Choosing the Best Automation Approach

5G automation is not a ready-made product you bolt onto the network. Instead, a successful automation implementation requires a carefully planned, building-block approach. There is no single right way to automate a wireless network: CSPs have to identify their specific goals, pick the automation approach that works best for them, and execute their plan in an incremental approach.

  • Targets. End-to-end network slice lifecycle automation is the ultimate goal, but it will come at the end of the automation journey and require time. The first step for CSPs is to decide what must be automated at each stage of the 5G journey, keeping in mind that what is automated at the beginning lays the foundation for what comes later. For this reason, automated, dynamic resource discovery and inventory federation are the best places to start.
  • Scope and depth. As automation becomes embedded in the network, its scope and depth will increase. Still, CPSs will need to choose the appropriate initial scope and depth levels that the network can manage and that CSPs can use as the basis for further learning and vendor engagement.
  • Learning strategy. Knowing what you want to automate does not mean you know how to do it. Learning is essential, and not just initially. It is an ongoing effort to improve the automation processes that continues as the network, its capabilities, and the services it supports change. AI and ML underpin the learning process, initially using supervised approaches to steer the learning in the right direction. Eventually, AI and ML will move to unsupervised and closed-loop learning modes to further refine automation capabilities.
  • Trust. Rigorous testing and monitoring are also crucial to ensure that automation works as intended and to establish trust. With automation, CSPs have to give up direct, hands-on control of many aspects of network operations. Both at the organizational level and at the personal level, automation requires a cultural change that can be challenging. And trust goes beyond the CSP: it must extend to the processes of ecosystem partners and automation vendors.
  • Link to service provisioning and service assurance. Automation will eventually go beyond streamlining operations and become a necessary component to support a new way to provide services and service assurance – e.g., with network slicing. CSPs need to chart their roadmap to integrate automation within the end-to-end service management process.

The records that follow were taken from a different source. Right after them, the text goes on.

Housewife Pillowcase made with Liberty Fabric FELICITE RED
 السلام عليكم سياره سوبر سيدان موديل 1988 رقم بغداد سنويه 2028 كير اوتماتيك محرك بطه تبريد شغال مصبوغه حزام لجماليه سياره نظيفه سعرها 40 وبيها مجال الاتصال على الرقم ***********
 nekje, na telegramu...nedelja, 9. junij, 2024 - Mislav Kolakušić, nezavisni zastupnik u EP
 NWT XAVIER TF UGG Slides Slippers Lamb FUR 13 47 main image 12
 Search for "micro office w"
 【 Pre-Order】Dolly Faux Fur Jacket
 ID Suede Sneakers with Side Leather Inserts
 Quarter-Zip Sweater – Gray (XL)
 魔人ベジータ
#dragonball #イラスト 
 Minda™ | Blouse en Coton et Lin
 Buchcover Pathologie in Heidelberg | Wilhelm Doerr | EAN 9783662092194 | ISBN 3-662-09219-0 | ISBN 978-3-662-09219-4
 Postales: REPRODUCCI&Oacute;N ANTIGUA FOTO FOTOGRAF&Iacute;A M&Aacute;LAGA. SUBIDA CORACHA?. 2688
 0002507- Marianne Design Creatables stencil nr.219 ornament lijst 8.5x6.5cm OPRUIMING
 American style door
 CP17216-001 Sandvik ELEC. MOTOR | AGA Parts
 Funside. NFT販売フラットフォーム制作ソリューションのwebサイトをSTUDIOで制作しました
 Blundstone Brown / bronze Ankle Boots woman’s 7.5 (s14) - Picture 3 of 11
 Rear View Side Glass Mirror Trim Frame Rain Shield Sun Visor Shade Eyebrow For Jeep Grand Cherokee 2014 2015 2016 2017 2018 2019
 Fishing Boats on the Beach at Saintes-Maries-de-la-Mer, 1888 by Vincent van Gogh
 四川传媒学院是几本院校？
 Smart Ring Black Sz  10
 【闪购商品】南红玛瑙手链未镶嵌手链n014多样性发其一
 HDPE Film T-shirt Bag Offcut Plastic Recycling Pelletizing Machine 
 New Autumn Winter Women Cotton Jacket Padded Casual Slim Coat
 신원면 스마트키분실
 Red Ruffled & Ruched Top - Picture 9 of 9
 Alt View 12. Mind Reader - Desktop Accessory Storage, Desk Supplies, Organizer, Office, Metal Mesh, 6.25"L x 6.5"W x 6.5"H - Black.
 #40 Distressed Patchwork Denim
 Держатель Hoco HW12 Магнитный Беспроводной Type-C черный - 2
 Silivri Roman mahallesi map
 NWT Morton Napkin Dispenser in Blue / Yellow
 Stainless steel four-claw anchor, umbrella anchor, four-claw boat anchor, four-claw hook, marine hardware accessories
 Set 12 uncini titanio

Automation From the Ground Up

Automation is not an option in 5G – and even more so in network slicing. Network complexity, in conjunction with the need for dynamic end-to-end service provisioning and network management, requires deep and wide automation to extract the value of the new technology.

At the same time, 5G gives CSPs a clean slate to develop an automation strategy and deploy automation tools that will lead to more efficient and intelligent networks, lower operating costs and complexity, and a better user experience. Achieving this will require careful preparation, efficient execution, and continuous refinement through coordination among the CSP IT and network teams, automation vendors, and ecosystem partners.